EXERCISE DATA —

=== Section Start ===

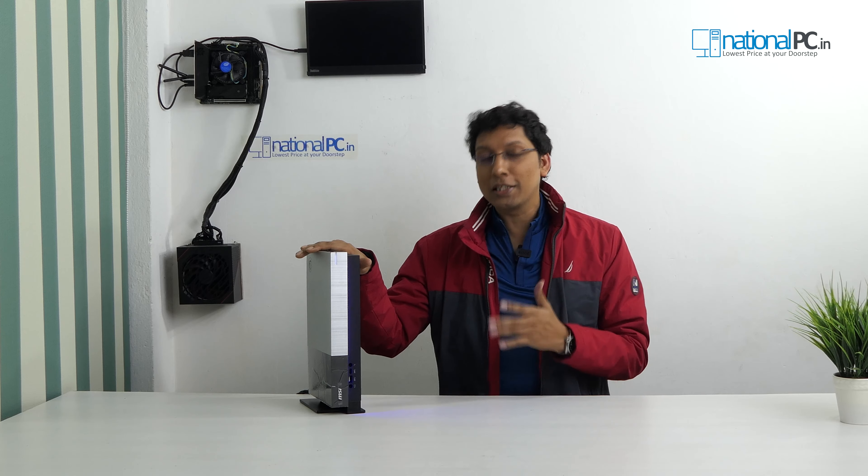MSI Trident S5M. I hope you enjoyed all the technical details about this gaming desktop which is only 2.6 liters. If you enjoyed this video, please like, subscribe to our channel, and share this video as much as possible. If you need any information or technical knowledge regarding this device, please comment on this video. I'll see you in the next video with some exciting products.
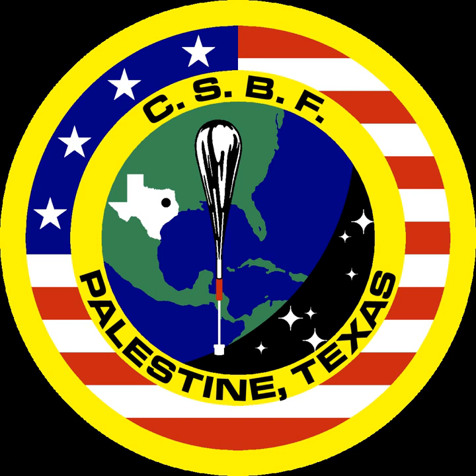CSBF has a threefold mission: provide maintenance, operations, and logistics support for NASA's Scientific Balloon Program and facilities; provide sophisticated ground and flight systems for launch, control, data retrieval, commanding, and recovery of NASA's balloon missions; and perform research and development to advance the capabilities of NASA's suborbital programs.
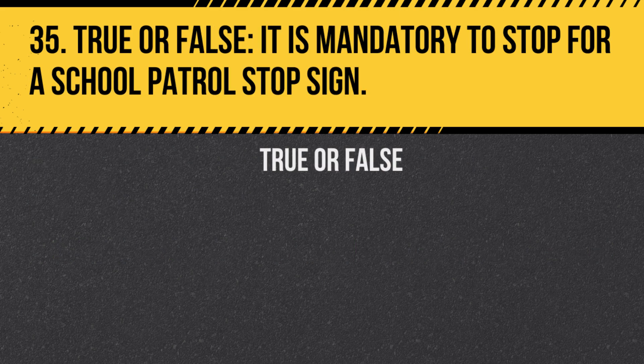Question 35. True or false: It is mandatory to stop for a school patrol stop sign. Answer: True. You must stop for school patrol signs just as you would for a regular stop sign.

=== Section End ===

DIRECTIONS FOR THIS TASK — Write out the full listing verbatim, excluding its pictures.

YOUR RESPONSE —
MSI Trident S5M. I hope you enjoyed all the technical details about this gaming desktop which is only 2.6 liters. If you enjoyed this video, please like, subscribe to our channel, and share this video as much as possible. If you need any information or technical knowledge regarding this device, please comment on this video. I'll see you in the next video with some exciting products.
CSBF has a threefold mission: provide maintenance, operations, and logistics support for NASA's Scientific Balloon Program and facilities; provide sophisticated ground and flight systems for launch, control, data retrieval, commanding, and recovery of NASA's balloon missions; and perform research and development to advance the capabilities of NASA's suborbital programs.
Question 35. True or false: It is mandatory to stop for a school patrol stop sign. Answer: True. You must stop for school patrol signs just as you would for a regular stop sign.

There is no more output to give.